Top of SUPPLIED INFORMATION

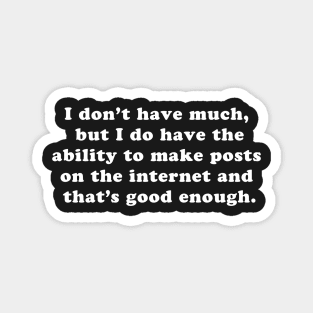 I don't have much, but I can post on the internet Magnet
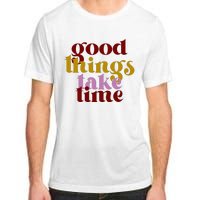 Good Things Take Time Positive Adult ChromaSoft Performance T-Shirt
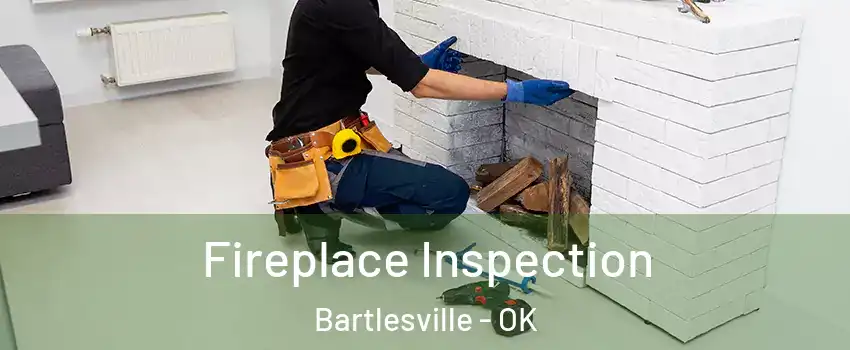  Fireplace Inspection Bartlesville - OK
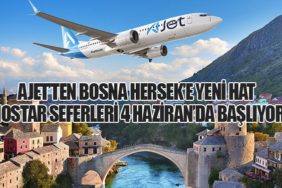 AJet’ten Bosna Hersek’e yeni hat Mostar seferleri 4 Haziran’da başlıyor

Bottom of SUPPLIED INFORMATION
Top of SUPPLIED INFORMATION

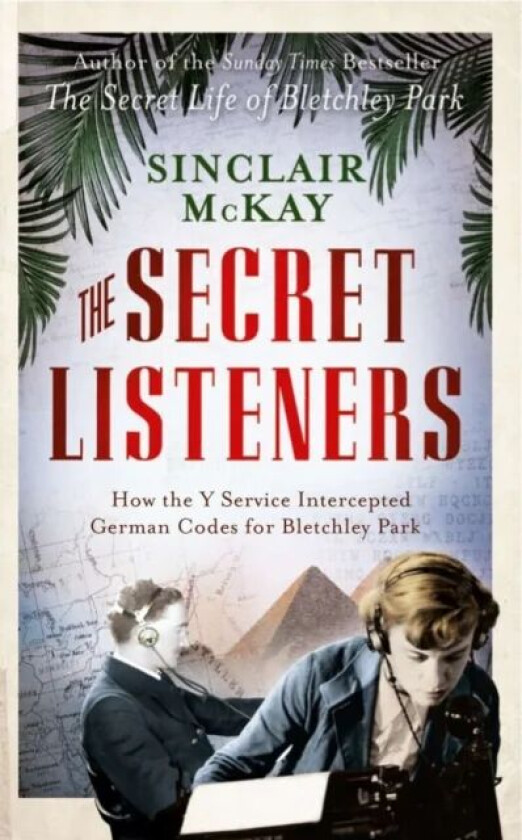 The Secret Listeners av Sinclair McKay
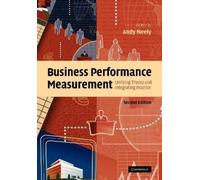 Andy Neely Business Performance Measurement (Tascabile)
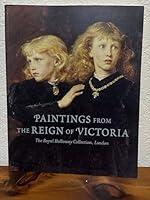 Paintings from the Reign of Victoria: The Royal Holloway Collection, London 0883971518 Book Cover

Bottom of SUPPLIED INFORMATION

> **DIRECTIONS FOR THIS TASK**
Your copy should hold only the lines above from the one containing "The Secret Listeners av Sinclair McKay" through the one containing "Paintings from the", exactly as written and free of pictures.

> **ANSWER FOR THE TASK**
 The Secret Listeners av Sinclair McKay
 Andy Neely Business Performance Measurement (Tascabile)
 Paintings from the Reign of Victoria: The Royal Holloway Collection, London 0883971518 Book Cover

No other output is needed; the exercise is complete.